Светлана Панич: Я попробую еще больше усложнить проблему, уцепившись за одно словосочетание – «ценность жизни нерожденного младенца». Коль скоро мы исходим из того, что младенец в утробе матери с момента зачатия – это полноценный человек, следовательно, его ценность жизни не иная, чем ценность жизни уже родившегося младенца, которого привязывают в реанимации, чтобы он не мешал втыкать в себя трубки, не пускают к нему родителей. Его ценность жизни не иная, чем ценность жизни онкобольного, который выбрасывается из окна, боясь, что ему не найдут обезболивающее, или старика, который плетется по нашей улице под насмешки и тащит свою несчастную тележку, думая о том, что ему может просто не хватить еды…

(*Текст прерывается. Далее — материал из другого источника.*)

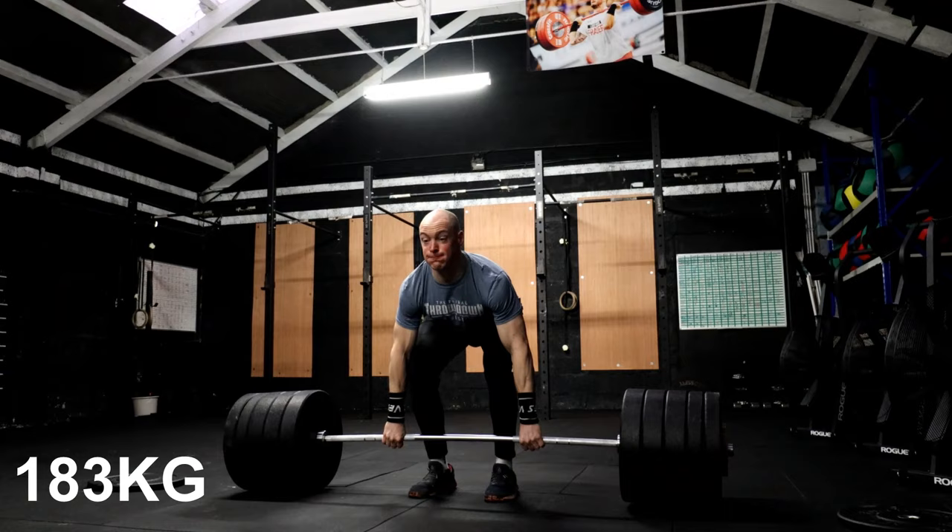173 for a double feeling grand. I think I'll probably go up now to 183 — maybe take a 10 kilo jump. See how that feels.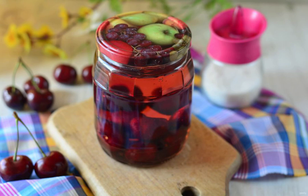Then put the compote in a dark pantry or cellar until winter. The output of the finished billet is 1 liter jar.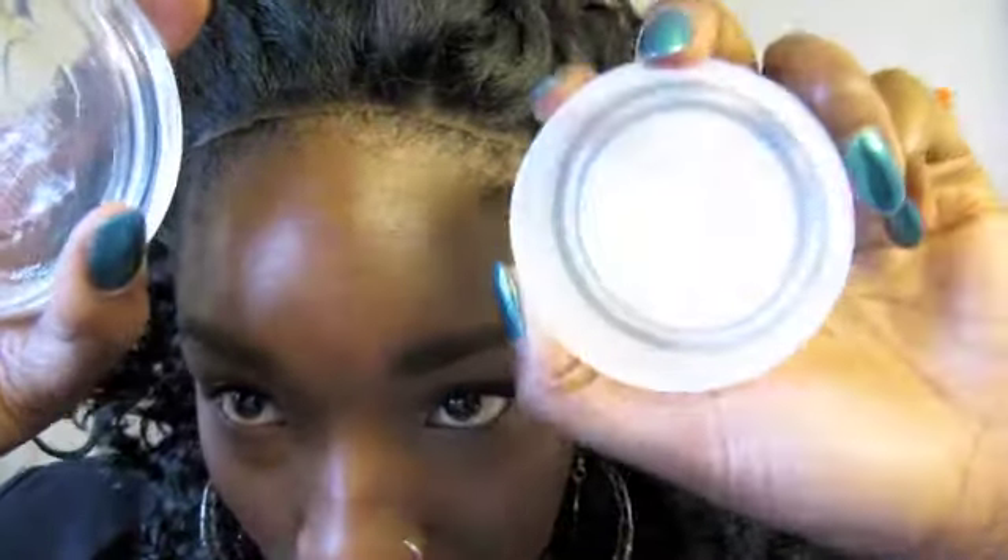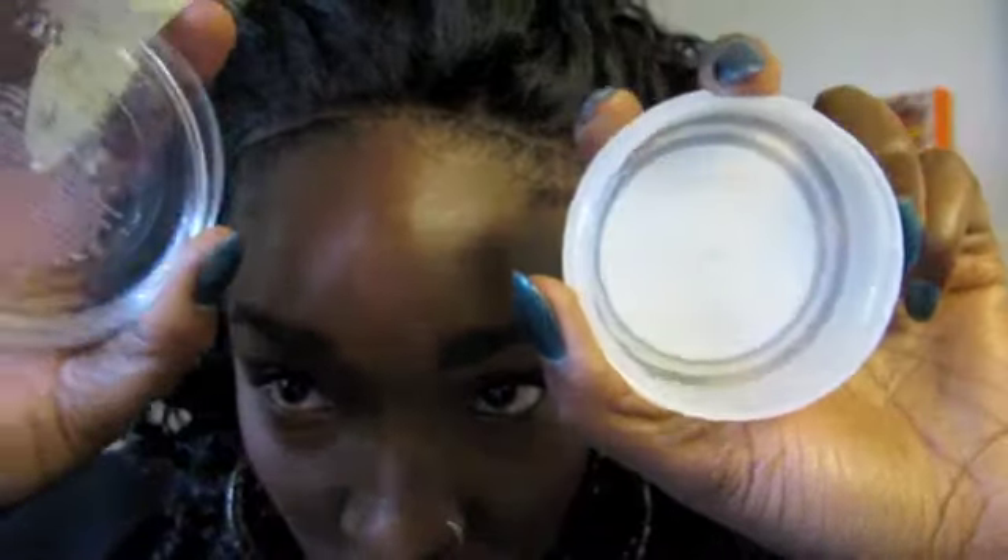I'm going to apply the products on my temple so you can see if I get the same results, similar results, or if one doesn't compare to the other. I've got a bit of a flyaway wig but for the sake of this you'll get the idea. I'll use the Carol's Daughter on my right side — your left side probably — and I will use the ORS edge control on the other side.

Мне кажется, что разговор о запрете на аборты и вообще, вся запретительная риторика, которой пытается манипулировать общественное мнение с обеих сторон, изначально непродуктивен. Мы не можем говорить о запрете на одну форму убийства в той культуре, в которой, так или иначе, поставлена под вопрос ценность жизни человека как такового. Все попытки запретить аборты, которые уже были в истории отечества (и до 1917 года, и в 30-е годы), приводили только к одному – к появлению нелегальных абортариев и бабок-ведуний, которые вытравляли плод какими-то дикими способами. Жертвой именно такого нелегального аборта стала приехавшая в Россию Гаяна, дочь Матери Марии.

Вместо того чтобы думать, как помочь этим несчастным людям (ведь никто не делает аборты из любви к искусству, каждый раз за этим стоит трагедия), нравственно озабоченная среда загоняет их в ситуацию парий и тем самым творит еще одно подполье, где будет твориться еще большее зло.

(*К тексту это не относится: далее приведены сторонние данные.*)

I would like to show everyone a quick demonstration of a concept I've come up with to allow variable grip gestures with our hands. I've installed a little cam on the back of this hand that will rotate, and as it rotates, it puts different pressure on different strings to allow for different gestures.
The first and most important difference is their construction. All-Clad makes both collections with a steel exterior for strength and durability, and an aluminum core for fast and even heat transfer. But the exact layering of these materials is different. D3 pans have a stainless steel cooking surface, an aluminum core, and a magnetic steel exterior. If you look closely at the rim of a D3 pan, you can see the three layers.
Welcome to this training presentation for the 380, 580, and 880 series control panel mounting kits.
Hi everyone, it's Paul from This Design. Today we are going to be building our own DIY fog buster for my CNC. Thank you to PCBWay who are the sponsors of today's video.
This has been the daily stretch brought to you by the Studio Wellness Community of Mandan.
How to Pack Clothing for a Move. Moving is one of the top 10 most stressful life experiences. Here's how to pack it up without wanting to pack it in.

Разговор о запрете на аборты и вся запретительная риторика изначально непродуктивны

Вопрос не в том, запрещать или не запрещать аборты. Он будет продуктивен, если его сформулировать иначе: как помочь, что сделать для тех людей, которые в силу социальных обстоятельств вынуждены идти на такую частную трагедию?

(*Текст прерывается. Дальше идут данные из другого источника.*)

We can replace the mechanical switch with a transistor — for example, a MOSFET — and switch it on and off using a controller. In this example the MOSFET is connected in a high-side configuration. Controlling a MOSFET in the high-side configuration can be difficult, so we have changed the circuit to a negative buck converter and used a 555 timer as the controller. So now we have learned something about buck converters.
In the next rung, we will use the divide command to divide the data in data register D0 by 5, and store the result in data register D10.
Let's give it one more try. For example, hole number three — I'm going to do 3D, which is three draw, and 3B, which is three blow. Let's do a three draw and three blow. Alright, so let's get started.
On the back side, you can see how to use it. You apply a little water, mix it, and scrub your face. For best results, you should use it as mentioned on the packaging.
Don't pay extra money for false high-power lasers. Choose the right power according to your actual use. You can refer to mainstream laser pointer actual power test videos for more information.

Павел Бегичев: Спасибо, что вы вывели проблему еще на одну грань – на милосердие к людям, попавшим в сложную ситуацию. Но ведь это само собой разумеется. Те, кого вы называете нравственно озабоченными людьми, чаще всего кладут жизнь на то, чтобы помочь людям, попавшим в эту группу. Я как протестант знаю, что у нас в разных церквях множество противоабортных кабинетов. Там чаще всего работают профессиональные психологи, иногда - священнослужители, которые оказывают психологическую, а иногда даже и материальную помощь женщинам, приходящим делать аборты. Есть договоренность с врачами, и, прежде чем сделать аборт, их посылают поговорить с этими психологами, служителями Церкви. И есть определенный процент женщин, которые все-таки принимают решение рожать.

Мы сейчас говорим о праве ребенка на жизнь. При этом понятно, что и старик имеет право на жизнь, и все мы должны ему помочь, и общество у нас не самое лучшее, но ведь это никак не оправдывает убийство! Давайте тогда разрешим людям убивать друг друга. Вот голодно мне – я пойду, застрелю человека и возьму его деньги себе.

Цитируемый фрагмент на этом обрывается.